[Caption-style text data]
▬▬▬▬▬▬

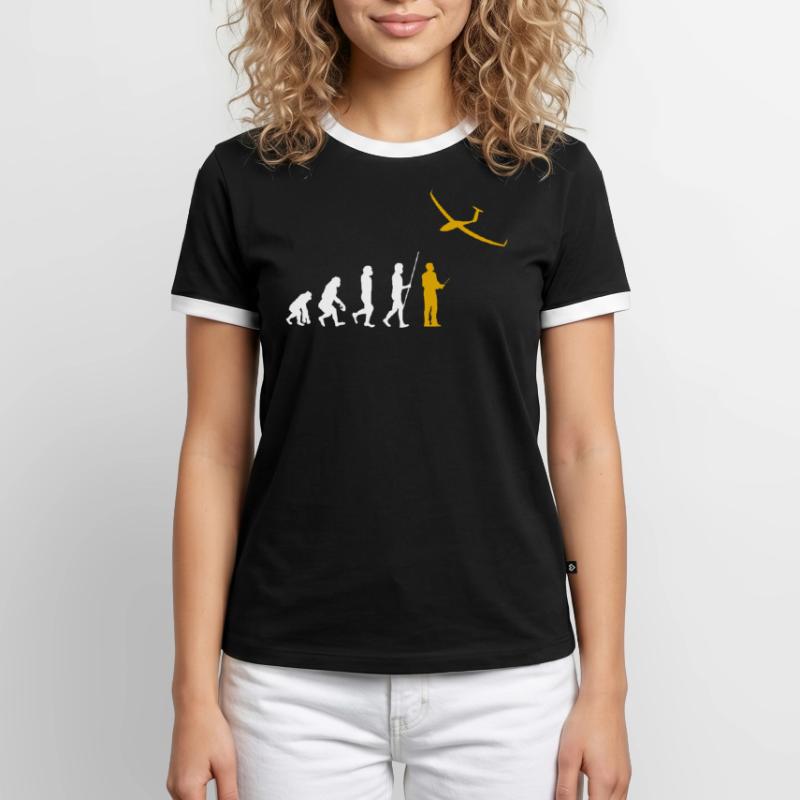 Evolution RC Planeur commandé à distance Modéliser T-shirt contrasté Homme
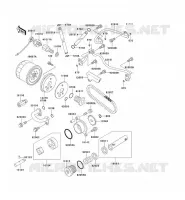 POMPE A HUILE/FILTRE &Agrave; HUILE pour Kawasaki VN800 CLASSIC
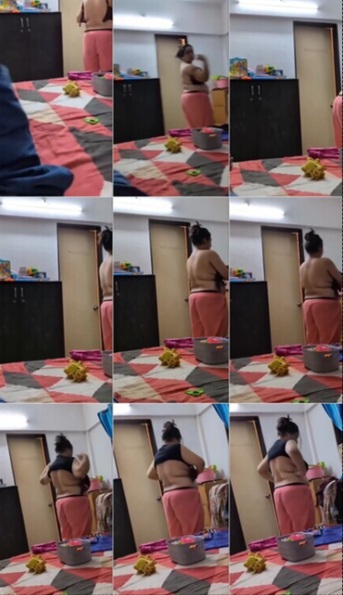 Chubby Milf Changing Clothes Secretly Recorded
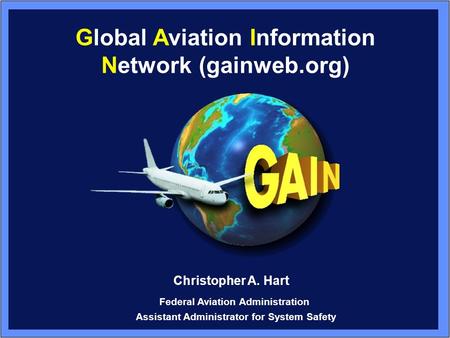 Global Aviation Information Network (gainweb.org)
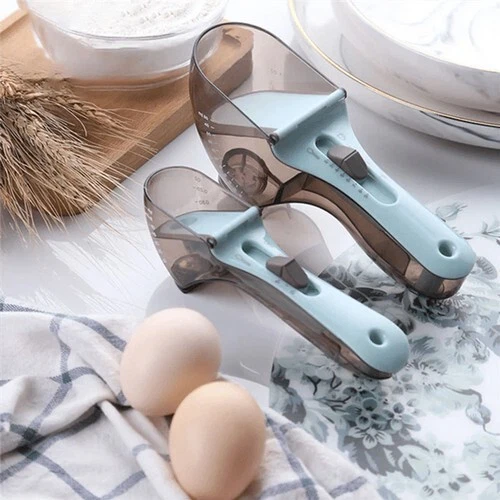 2 Piece Set Measuring Spoons; Adjustable Measuring Spoons Set NEW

▬▬▬▬▬▬

* **What the task requires**: Leave out the pictures, then copy all the remaining text in the records exactly.

* **Response area**:
 Evolution RC Planeur commandé à distance Modéliser T-shirt contrasté Homme
 POMPE A HUILE/FILTRE &Agrave; HUILE pour Kawasaki VN800 CLASSIC
 Chubby Milf Changing Clothes Secretly Recorded
 Global Aviation Information Network (gainweb.org)
 2 Piece Set Measuring Spoons; Adjustable Measuring Spoons Set NEW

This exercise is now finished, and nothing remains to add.